(DATA FOR REVIEW)
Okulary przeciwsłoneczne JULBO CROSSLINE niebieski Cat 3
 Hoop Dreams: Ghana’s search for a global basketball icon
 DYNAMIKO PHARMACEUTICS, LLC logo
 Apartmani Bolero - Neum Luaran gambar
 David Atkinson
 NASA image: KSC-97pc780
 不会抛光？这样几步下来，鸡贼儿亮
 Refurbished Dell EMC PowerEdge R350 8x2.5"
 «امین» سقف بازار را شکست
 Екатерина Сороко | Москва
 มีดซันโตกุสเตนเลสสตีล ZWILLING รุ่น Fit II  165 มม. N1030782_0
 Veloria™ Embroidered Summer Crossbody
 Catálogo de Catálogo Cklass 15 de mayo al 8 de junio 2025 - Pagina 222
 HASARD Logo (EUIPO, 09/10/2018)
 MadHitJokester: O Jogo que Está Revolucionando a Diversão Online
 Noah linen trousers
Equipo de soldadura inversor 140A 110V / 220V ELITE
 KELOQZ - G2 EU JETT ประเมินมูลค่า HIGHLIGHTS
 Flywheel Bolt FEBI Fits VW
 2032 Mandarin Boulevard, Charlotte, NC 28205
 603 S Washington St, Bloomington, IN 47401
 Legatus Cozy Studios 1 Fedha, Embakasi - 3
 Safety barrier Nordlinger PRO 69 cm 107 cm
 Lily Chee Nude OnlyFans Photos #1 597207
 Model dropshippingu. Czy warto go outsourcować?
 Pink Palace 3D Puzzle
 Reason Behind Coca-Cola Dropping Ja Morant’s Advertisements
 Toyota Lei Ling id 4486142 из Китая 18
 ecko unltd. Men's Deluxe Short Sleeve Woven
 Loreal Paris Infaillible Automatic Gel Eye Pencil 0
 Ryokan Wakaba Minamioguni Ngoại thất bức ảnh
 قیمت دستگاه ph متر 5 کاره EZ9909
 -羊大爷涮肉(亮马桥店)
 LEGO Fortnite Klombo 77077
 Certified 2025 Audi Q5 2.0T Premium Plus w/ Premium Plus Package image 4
(End DATA FOR REVIEW)
▶ _TASK DIRECTIONS_
Transcribe each line of the data above, unaltered, from the one where "Flywheel Bolt FEBI Fits VW" appears to the one where "Lily Chee Nude OnlyFans Photos #1 597207" appears, inclusive of both.

▶ _ANSWER TO THE EXERCISE_
 Flywheel Bolt FEBI Fits VW
 2032 Mandarin Boulevard, Charlotte, NC 28205
 603 S Washington St, Bloomington, IN 47401
 Legatus Cozy Studios 1 Fedha, Embakasi - 3
 Safety barrier Nordlinger PRO 69 cm 107 cm
 Lily Chee Nude OnlyFans Photos #1 597207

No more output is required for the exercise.